Lek’Tor bowed and the Prince pointed at Turlock. “Make your way back to the Chimera and supply it with the necessary mana it needs to grow.”
“Sire, would not this task be more suited to another? I must continue my campaign against the slayers!”
“No, it is not. Had you not so abjectly failed, then we would have no need of the Chimera. But since you did, you will continue the good fight, in the back lines where I need you.”
Lek’Tor started to wheeze, a sound like a thousand locust wings fluttering at once. Turlock recognized it as his hideous laugh and turned to snarl at him, but the Prince held up a hand. His voice lost its levity.
“Enough. You both have your commands, leave and do not harm one another without my permission.”

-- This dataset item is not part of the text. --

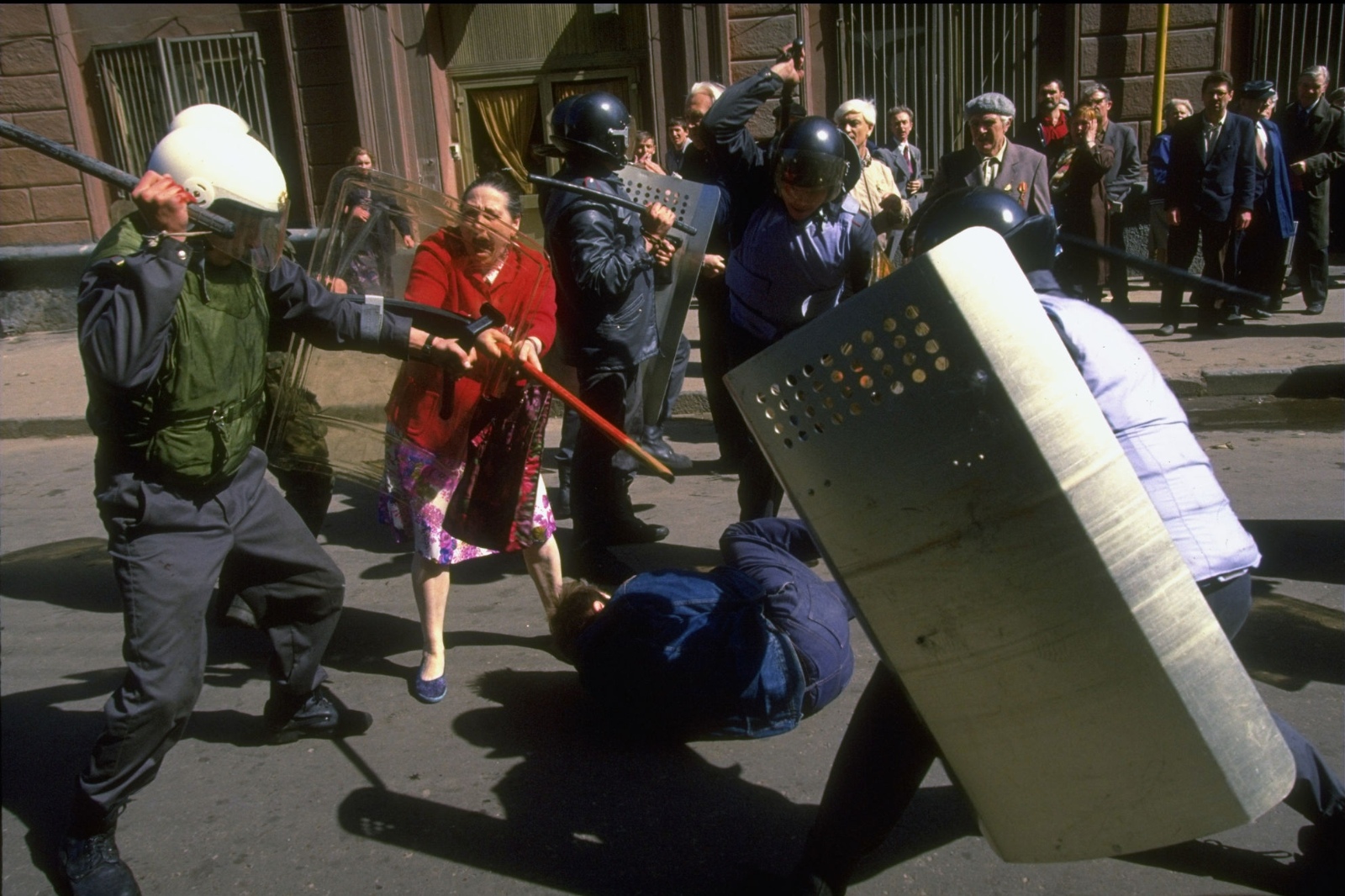 Май 1993 г. Кровавый Первомай 1993 года в Москве. Первомайская демонстрация 1993 года в Москве. Протесты 1993 в Москве. Первомайский митинг 1993.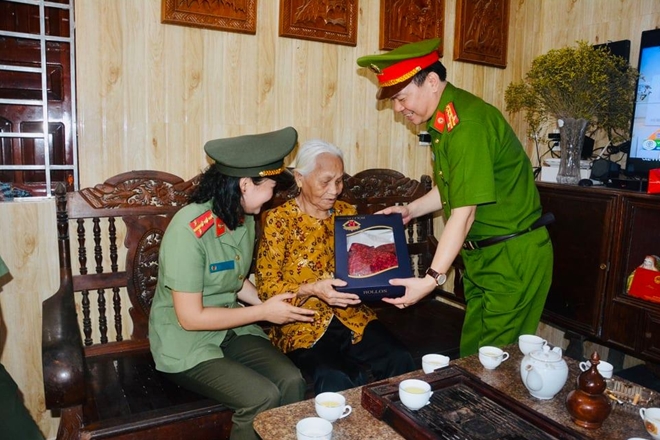 Trao nhà tình nghĩa, tặng quà cho các Mẹ Việt Nam anh hùng - Ảnh minh hoạ 2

The two ancient lich lords bowed and opened separate portals. Turlock descended into the bowels of a hideously converted ship and Lek’Tor onto the shifting sands of a nuclear wasteland, both worlds apart from one another, which was good given how easily their tempers flared when together. With them gone, there was only Helfaust left, who lounged on an out of place couch while he waited for the Prince to address him.

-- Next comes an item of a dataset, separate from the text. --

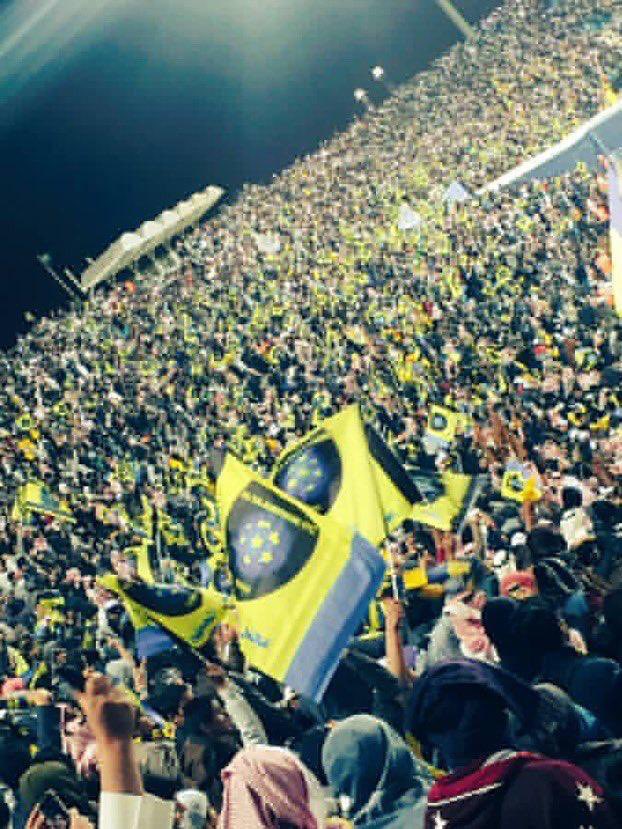 #الهلال يحلم بكأس الأندية… لكن #بريدة هي الحقيقة التي لا يمكن الهروب منها. الملعب حين يمتلئ، يصبح الكبرياء مجرد صدى.
#التعاون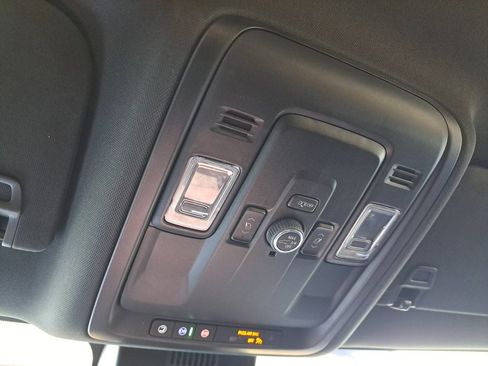 Used 2025 GMC Yukon Elevation AWD/4WD image 30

“Helfaust, your tongue is less sharp than it usually is. Have you finally attained the maturity that is forever denied your physical form?”

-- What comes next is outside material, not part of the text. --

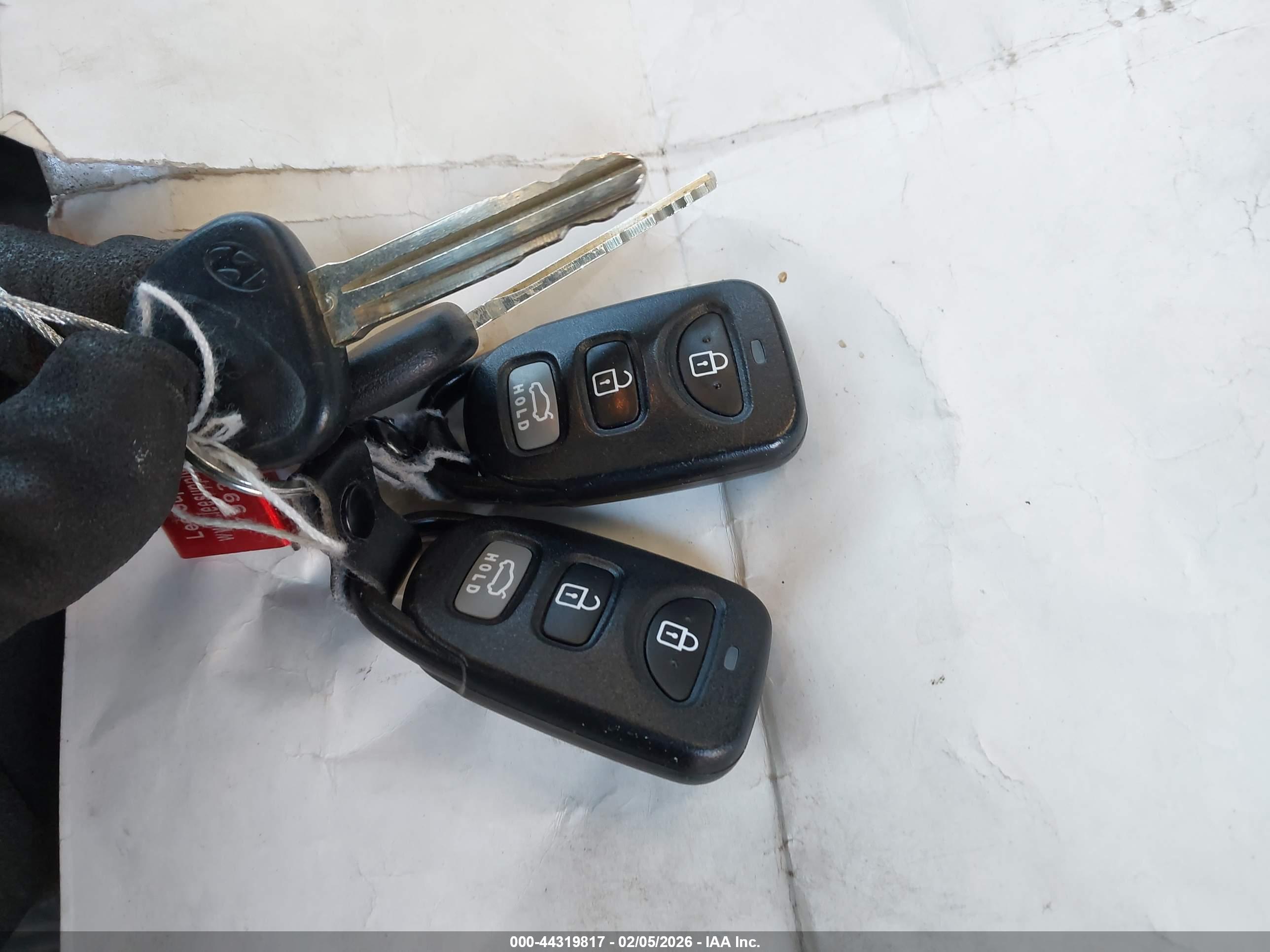 HYUNDAI ELANTRA image 11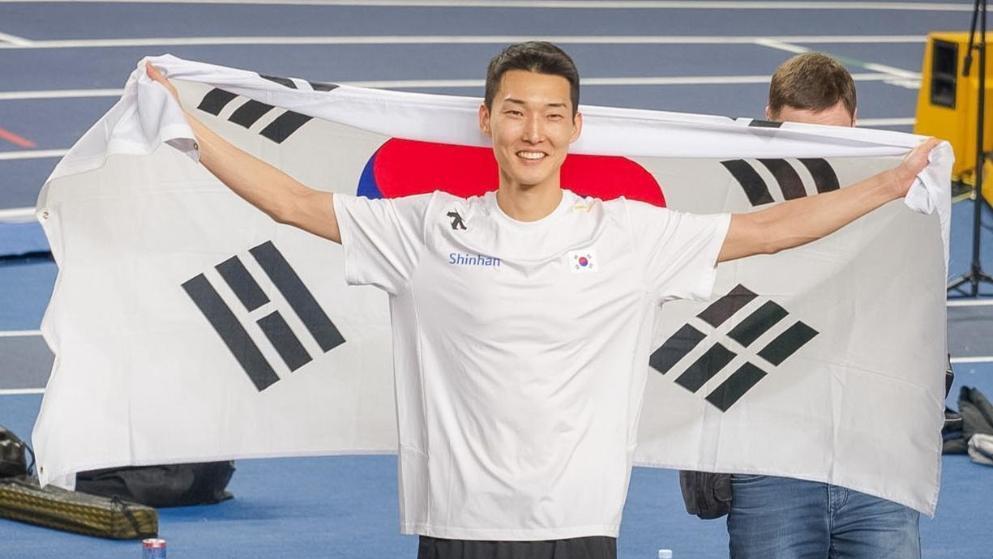 높이뛰기 우상혁, 세계실내육상선수권서 2m26 넘어 공동 3위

“Har dee har, Prince, an amusing question from one is who the youngest of us all by far, but honestly though, letting those two bicker is more amusing than any wit I could conjure.”
“And humility too? Do you bring bad news you’re softening with these sweet words?” The shadows lengthened around the golden faced Helfaust, but he pretended not to notice them and replied.
“On the contrary, the people eat my words up and the cult is well along the way to solidifying all the major players either in loyalty or blackmail.”
“Then you have an estimate?”
“A year, maybe less.”
“Excellent, have your little friends be ready for,” the Prince stopped mid sentence and looked off in the distance at a star that was now trillions of miles away, but in that gaze he felt the link to the Kort he had summoned snap like a fine thread. He had expected it to die, but not so soon. Perhaps the defeat of Turlock and now this, should have him be more cautious when dealing with the Slayers in the future.
Helfaust noticed the Prince’s transfixed gaze and dropped the smile he had been wearing. Without a word the youthful wizard started creating magical barriers and an aegis around himself. Formidable shields that would prevent his death from most mortal weapons, but almost paltry defenses that would last less than half a second against the full might of the mad man in front of him. Yet in a potential death battle between lich lords, every second and advantage mattered.
Choosing his words very carefully and dropping his arrogant tone, Helfaust asked,“Is everything alright?”
The Prince did not answer right away and this made Helfaust nervous enough to fiddle with the silver ring on his right hand. Unlike Turlock, he did not have a phylactery that could revive him and Helfaust had absolutely no desire to reacquaint himself with the eternal torment of flames that were on the other side.
With a whiplike motion that made Helfaust’s neck hurt just watching, the Prince looked at him again with one of those deranged grins. Perhaps it was the voices again, but the Prince would never admit it to him.
“Yes, everything is just fine. As I was saying, have your friends be ready for the incursion….I’ve been looking forward to visiting Crestline again.”